As things stand in the city, that is, the Government already has the particular powers that sackings were always designed to acquire, namely the council’s planning powers. The Central Sydney Planning Committee was formed in 1988. It is dominated by Government appointees (who unlike elected members are paid by the council for their time) – and empowered not only as consent authority on all major and public developments in the city, but also to prepare all planning and development control instruments.

This much, perhaps, is explicable. A truly curious thing is the way in which the council itself seemed over the years to collude in the application of such hobbling devices to itself by zealously preserving its own standards of incompetence. This seems altogether perverse until it is recognised, as it must be recognised, that repeated governmental bashings are virtually guaranteed to perpetuate, if not engender, a gangrenous culture within the bashee organisation.

Not surprisingly, it is the finances of the council which succumbed most dramatically and most publicly to this malaise. No-one would pretend that the City Council’s financial situation is rosy, nor its traditional accounting systems defensible. The point is, though, that new systems and structures are now in place. The direction has changed, the culture is changing slowly, and we believe, irreversibly. It defies justice to attack a council precisely when, and even because, it has for the first time been open about the financial facts – and precisely when it has established the mechanisms for change.
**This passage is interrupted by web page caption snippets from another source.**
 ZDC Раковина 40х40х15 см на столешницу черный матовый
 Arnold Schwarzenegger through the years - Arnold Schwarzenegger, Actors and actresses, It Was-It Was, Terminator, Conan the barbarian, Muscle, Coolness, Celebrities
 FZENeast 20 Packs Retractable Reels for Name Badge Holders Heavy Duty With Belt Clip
To quote the Auditor-General’s report on the city’s accounts, dated April 8, 1993, “The council is to be commended for undertaking a program of improvement to the financial accounting systems and associated reporting functions. The long-standing problems caused by those systems have, we suggest, adversely affected (the) council’s ability to manage as effectively as it would wish.” Already we have a better-than-budget performance for the first quarter of 1993. But good news doesn’t make headlines.

You don’t maul a council just when it has started to do the right thing -unless, of course, you have other motives for doing so.
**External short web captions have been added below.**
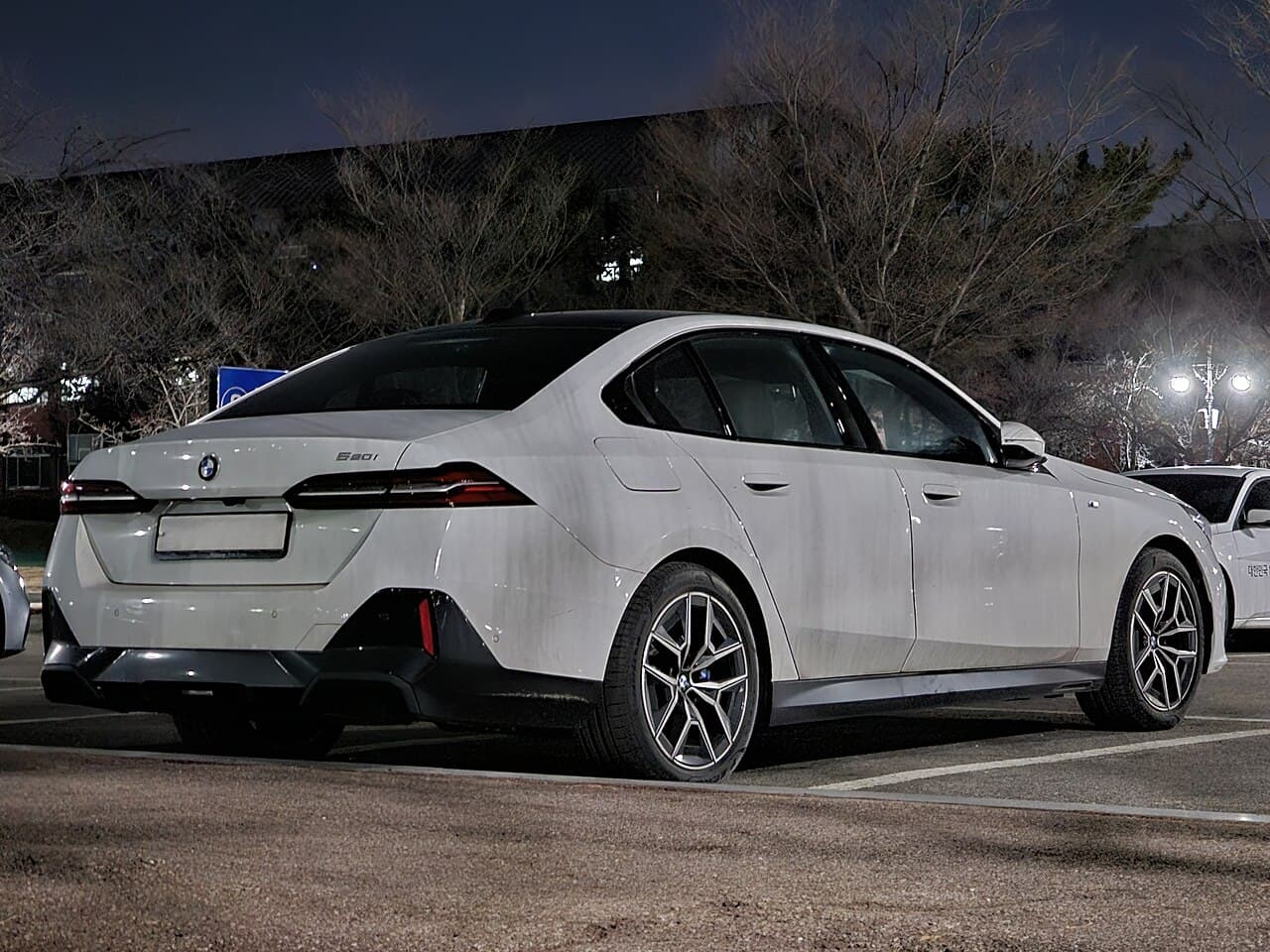 BMW 520i M Sport, rear view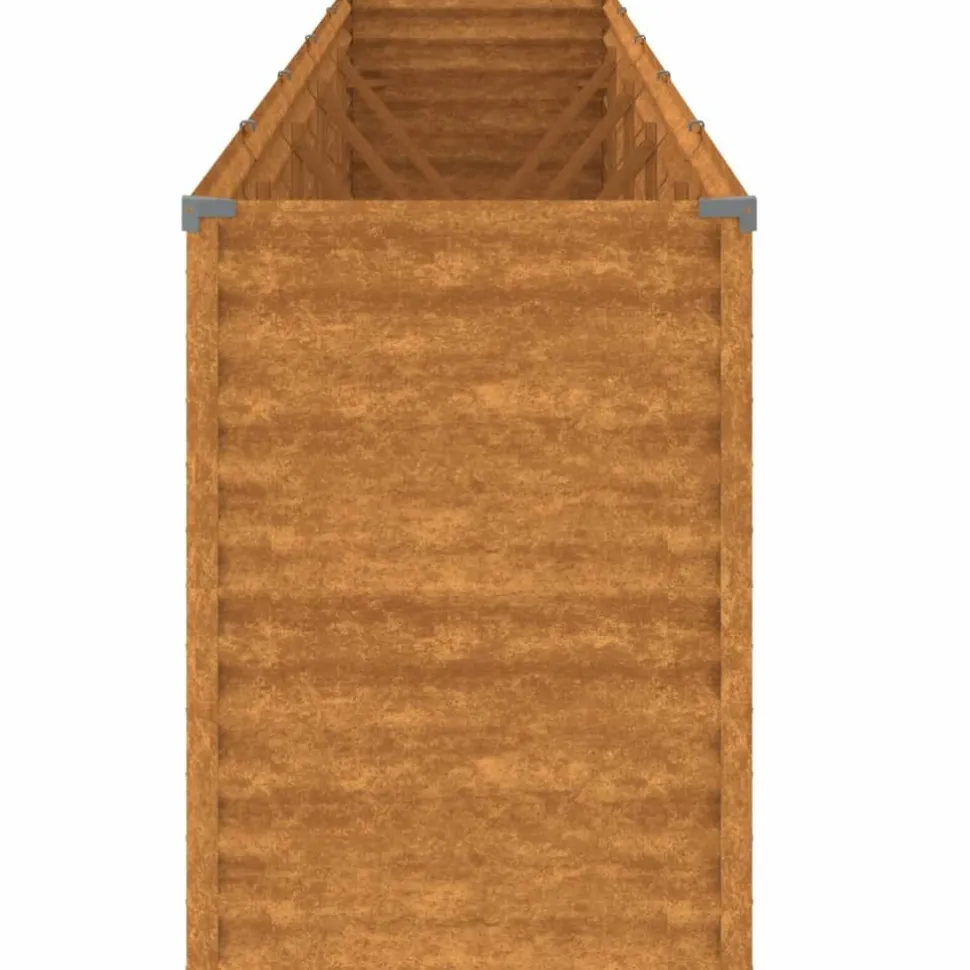 Istutuslaatikko 482x50x69 cm corten-teräs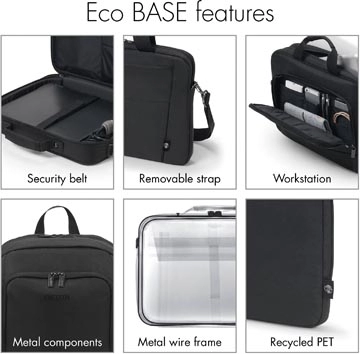 Een Dicota laptoptas Eco Multi Base, voor laptops tot 15,6 inch, zwart koop je bij Muys Kantoor & Kado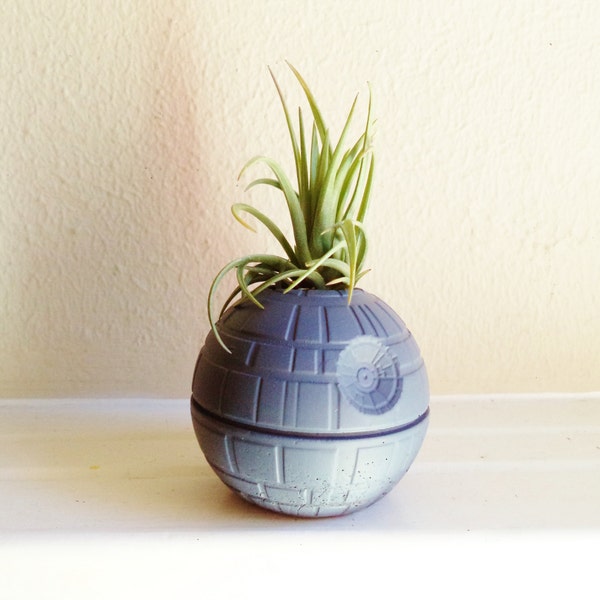 Death Star planter, air plant holder, desk planter, paper weight, geekery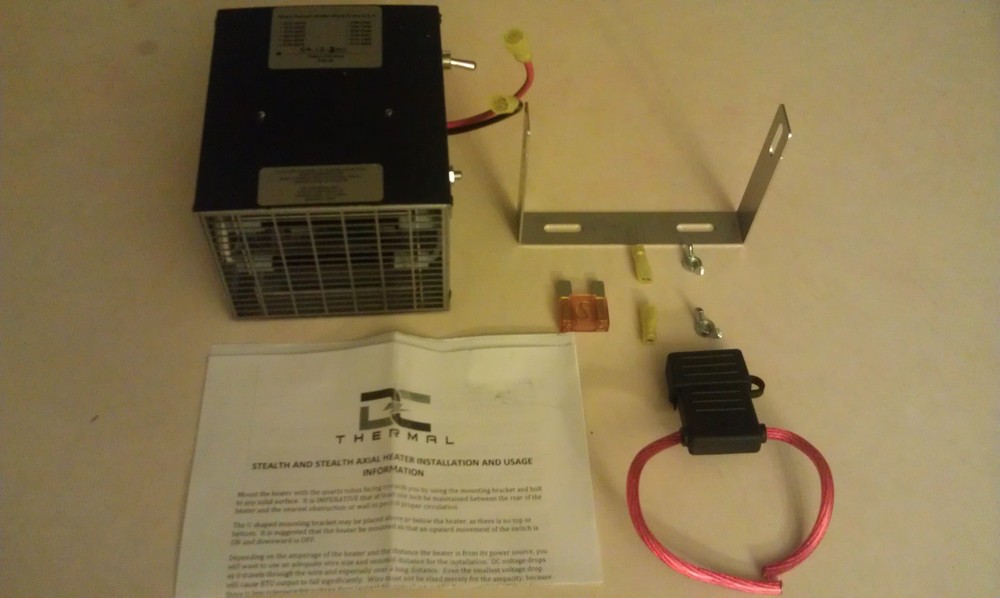 Skid Steer Cab Heater Kit for Bobcat, CAT,John Deere, New Holland & more-12 Volt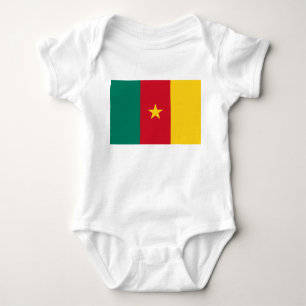 Flagge Kameruns Baby Strampler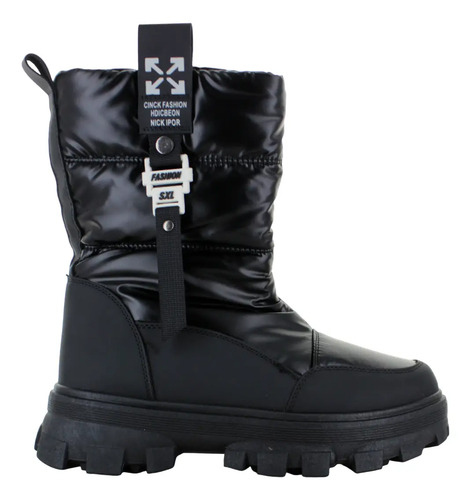 Furor Bota Skimal Frio Invierno Casual Afelpada Mujer 91434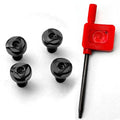 Swayboo 1911 Grip Screw Set – Stainless Steel + Key Tool Grip Screw Set Qst black 1 set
IN ANY CASE it is clear that the council has only three ways of making ends meet: cut services, cut staff, or sell assets.
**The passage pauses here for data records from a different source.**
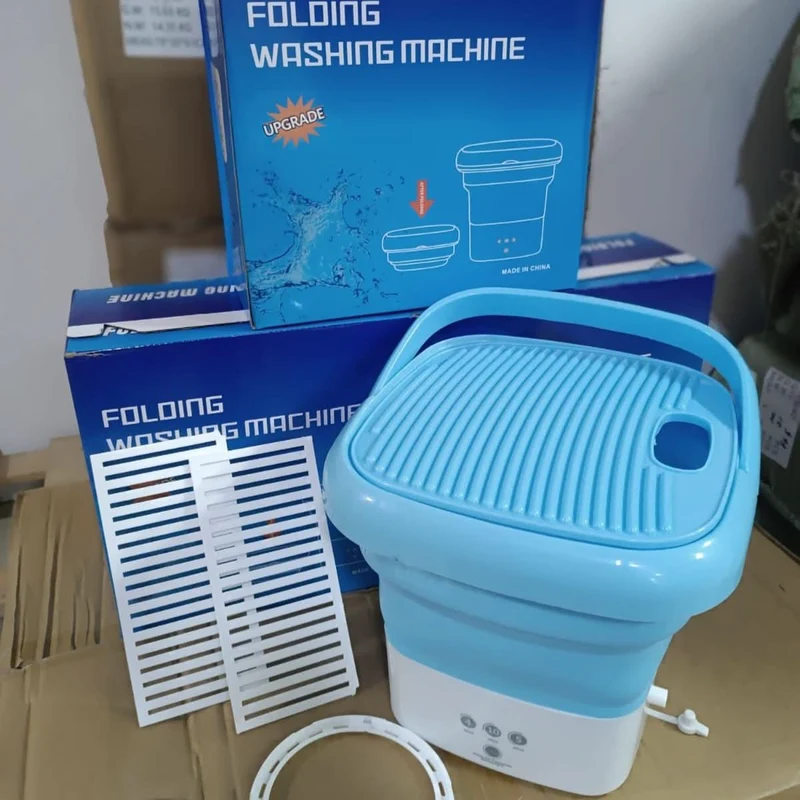 Tragbare Mini-Waschmaschine: Express-Waschen und -Trocknen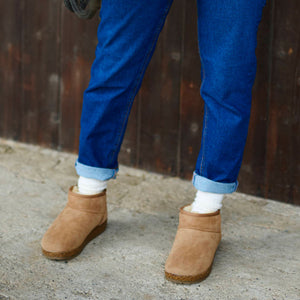 Sheepskin Slipper Ankle Boots - Elsa (Adults 36-43)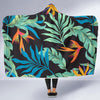 Tropical Palm Leaves Hawaiian Flower Hooded Blanket-JORJUNE.COM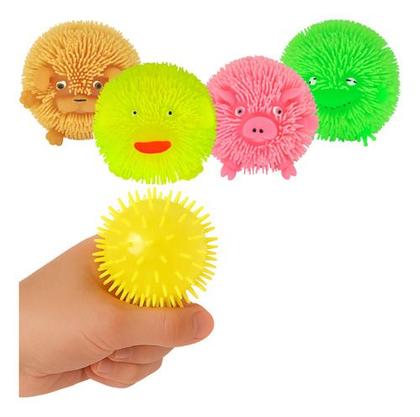 Imagem de Kit 2 Flofys Bolota Bichos Macios Apertar Com Luz Squish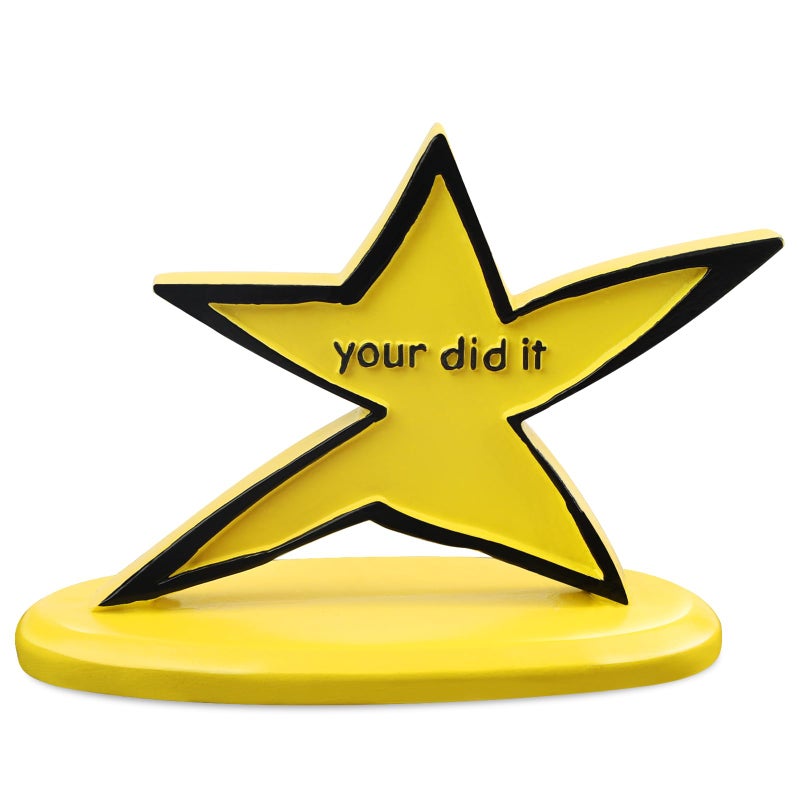 Legobayo Funny Star Trophy with Humorous Your Did It Inscription - Funny Graduation Gift Gifts for Coworkers Cute Desk Decor Birthday Gift Encouragement Gift Funny Gag Gifts - Image 1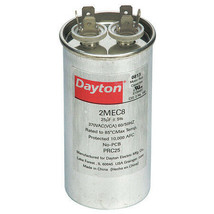 Dayton 2Mec8 Run Capacitor,25 Mfd,370V,Round - £18.75 GBP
The first two options have been implemented, if not exactly relished. We have closed Ultimo Library – while we go on having to subsidise libraries in South Sydney. We have drastically reduced donations, entertainment programs, and capital works. Sunday street-sweeping is off, for most of the city. Already, during the last 18 months, the council’s permanent staff has fallen from 1,327 to 1,146, with a forecast drop of 144 over the next five years. This will amount to a 24 per cent reduction – substantial by any standards. It has to happen; this is living within our means, but it is not pleasant – made only more painful by the years of procrastination.

That leaves option three. Traditionally, that has meant selling laneways. The current council, however, believes that selling the city’s laneways just to balance books is wrong. We will make ends meet – even by selling other assets, if we have to.

But living off laneways is wrong. A single Raphael-Place-worth sale would wipe our deficit, as it happens. But it is still wrong – on two counts. First, you don’t use capital to buy Weetbix. Second, you don’t alienate the public realm to prop up dodgy accounting systems. Or private developments.

Ever since Wentworth and Macarthur contrived to send Governor Macquarie packing for daring to spend money on public interests instead of private, the temptation has been to see this city as a honey-pot for the “exclusives”.

That is what laneway sales are all about. It’s real private wealth, public squalor stuff – except that it will destroy the city’s commercial viability too, in the end. Tourists leave first, then shoppers, then workers – and, in the end, even moguls won’t work in streets stripped of urbanity.